Business credit offers entrepreneurs an alternative to using personal credit for business purposes. When you apply for financing using your own credit, you individually accept all the risk. Getting approved for the loan may mean putting up personal property as collateral, like your home or automobile. Worse, if there are any issues with the loan, they affect your own credit, jeopardizing your ability to get personal loans in the future. There are lots of good reasons to keep your personal and professional finances separate. Business credit makes that possible.

What are the Benefits of Business Credit?

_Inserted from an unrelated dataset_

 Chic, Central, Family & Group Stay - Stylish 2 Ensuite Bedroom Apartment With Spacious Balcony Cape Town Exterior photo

Separating your personal and business credit isn’t just a way to protect yourself as an individual. Having business credit is also an asset to all your entrepreneurial efforts:

  • Better Credit Terms – Credit is used to determine the trustworthiness of your business for many things, not just lending. That means when you have a healthy business credit score, suppliers are more likely to offer generous repayment terms or agree to long-term partnerships. In general, good credit distinguishes businesses worth working with.
  • More Financing Options – Even though business loans for poor credit applicants are available, it’s much easier to get approved for financing on borrower-friendly terms if your business has good credit. When you need funding to facilitate growth opportunities or cover cash flow issues, being able to access financing is a huge help.
  • Increased Sales Figures – Depending on what industry you operate within, your customers may be looking at your credit score before deciding whether to make a purchase. Unlike personal credit scores, anyone can access business credit scores for any reason. In this case, strong scores can actually increase your sales.

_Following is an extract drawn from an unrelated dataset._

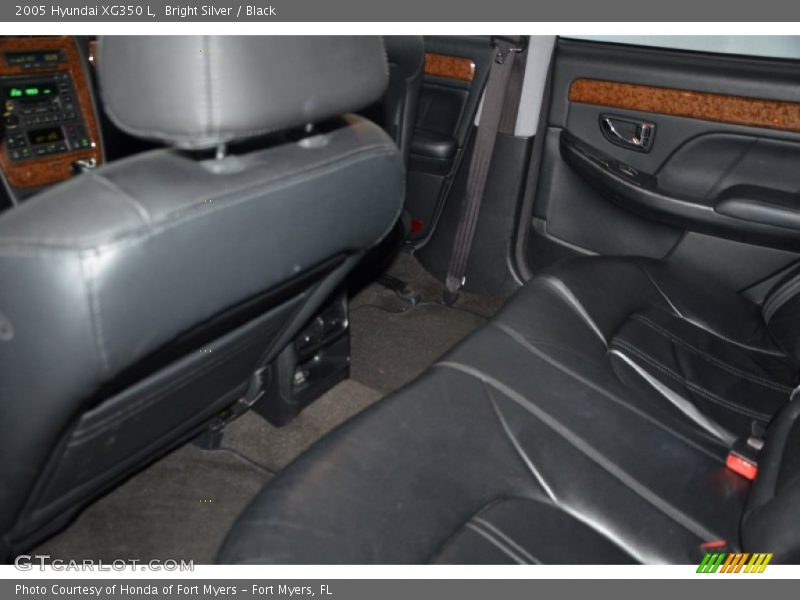 Bright Silver / Black 2005 Hyundai XG350 L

How Do You Get Business Credit?

The best time to open a business credit line is before the business even opens. If that’s not possible, any business owner can open one at any time as long as you fulfill these four steps:

  1. Form an LLC to ensure your business is seen as a separate entity
  2. Apply for a Federal Employee Identification Number
  3. Establish bank accounts under the legal name of your business
  4. Create a dedicated business phone line with a listed number
  5. Apply for a credit card or small business loan in the name of your business

Once you have business credit, vendors and lenders will send information on your financial behaviors to the three main business credit reporting agencies – Dun & Bradstreet, Experian and Equifax. That information is fed into an algorithm that calculates your business credit score. Unlike personal credit scores that range from around 350-800, business credit scores range from 1-100. The higher the number the more creditworthy your business is considered.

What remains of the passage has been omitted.